İşte budur faşizmin bütün özeti. Küfürle, homofobiyle, düşmanlaştırmayla beslenen, en ufak eleştiriye tahammülü olmayan bir zihniyet. Kendilerini eleştiren herkesi ya “hain” ilan ediyorlar, ya da aşağılayıcı bir dille hedef gösteriyorlar. Çünkü başka hiçbir dilleri yok: Ne özgürlük, ne eşitlik, ne dayanışma… Sadece küfür, sadece nefret.
“Ötüken Yolu Yokuştur” marşını seslendiren grubun adı da çok manidar: “Ruhsuzlar.” Evet, doğru. Çünkü faşizmin özü ruhsuzluktur. Sanatı yok eder, düşünceyi zincirler, sevgiyi aşağılar, insanı bir kalıba sıkıştırır. Şarkılarında da ruhsuzluk akıyor zaten: “Ötüken yolu yokuştur.” Hadi oradan! O yol, ne Ötüken’e ne de bir dağa çıkar. O yol, yokuş aşağı otoriterliğe, baskıya, şiddete çıkıyor.
Bugün Türkiye’de bu zihniyetin yankılarını her yerde görüyoruz. Bir yandan iktidarın “yerli ve milli” masalları, öte yandan sokaklarda gençlere saldıran, üniversite kantinlerinde tehdit savuran, LGBTİ+’ları hedef gösteren aynı koro. Hepsi aynı şarkıyı söylüyor aslında: Özgür olana, farklı olana, eşitlik isteyene “hain” diyorlar; onurlu yaşam talep edene “puşt” diye saldırıyorlar.

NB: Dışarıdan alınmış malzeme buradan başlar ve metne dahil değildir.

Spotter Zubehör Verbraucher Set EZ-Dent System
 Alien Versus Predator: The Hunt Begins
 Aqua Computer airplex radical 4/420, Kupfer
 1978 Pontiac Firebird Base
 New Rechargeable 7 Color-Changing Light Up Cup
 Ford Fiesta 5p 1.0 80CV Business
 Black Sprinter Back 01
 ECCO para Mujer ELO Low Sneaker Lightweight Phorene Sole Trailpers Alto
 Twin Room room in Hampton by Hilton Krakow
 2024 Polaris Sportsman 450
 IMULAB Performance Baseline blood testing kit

Aslında asıl yokuşu yaşayan onlar değil, bu ülkenin yoksul halkı. Market raflarındaki fiyatlar, kira yangını, işsizlik, kadın cinayetleri, doğa talanı… İşte gerçek yokuş bu. İnsanlar temel ihtiyaçlarını karşılamak için bile nefes nefese kalıyor. Ruhsuzların yokuşuysa sadece kafalarında: Bayrakla, marşla, “Ötüken” masallarıyla örülmüş hayali bir yol.
Ve bir kez daha görüyoruz ki faşizmin mizahı kendiliğinden ortaya çıkıyor. Düşünsene: Kendine “Ruhsuzlar” diyorsun, şarkında “bize faşist diyenler ya haindir ya puşt” diye bağırıyorsun, sonra da “biz aslında faşist değiliz” diye trip atıyorsun. İnsan daha ne kadar kendi parodisi olabilir ki?
Bizim için mesele basit: Biz faşist diyorsak, siz faşistsiniz. Ve bunu küfürle, nefretle örtmeye çalışsanız da gerçek değişmiyor. Tarih boyunca faşizmin yolu hep yokuş aşağı oldu: önce şiddet, sonra çürüme, en sonunda da çöküş.
Bizim yolumuz ise başka. Bizim yolumuz dayanışmanın, özgürlüğün, eşitliğin yolu. Bazen sarp, bazen taşlı olabilir ama asla ruhsuz değil. Bizim şarkımız küfür değil, özgürlük; bizim marşımız nefret değil, dayanışma.
Ötüken yolunuz varsa, bizim de özgürlük patikalarımız var. Ve o patikalar, sizi kahkahamızın yankısında boğacak.
Cevap
Siz yokuş deyin, biz patika deriz,
Özgürlük yolunda neşeyle yürürüz.
Faşist diyene küfürle saldırırsınız,
Biz gülüp geçer, dayanışırız.
Ruhsuzsunuz, zaten adınızda yazılı,
Bizim yolumuzda ruh var, umut var, barış var.
Siz “hain” dersiniz, biz “kardeş” deriz,
Siz “puşt” dersiniz, biz “özgür aşk” deriz.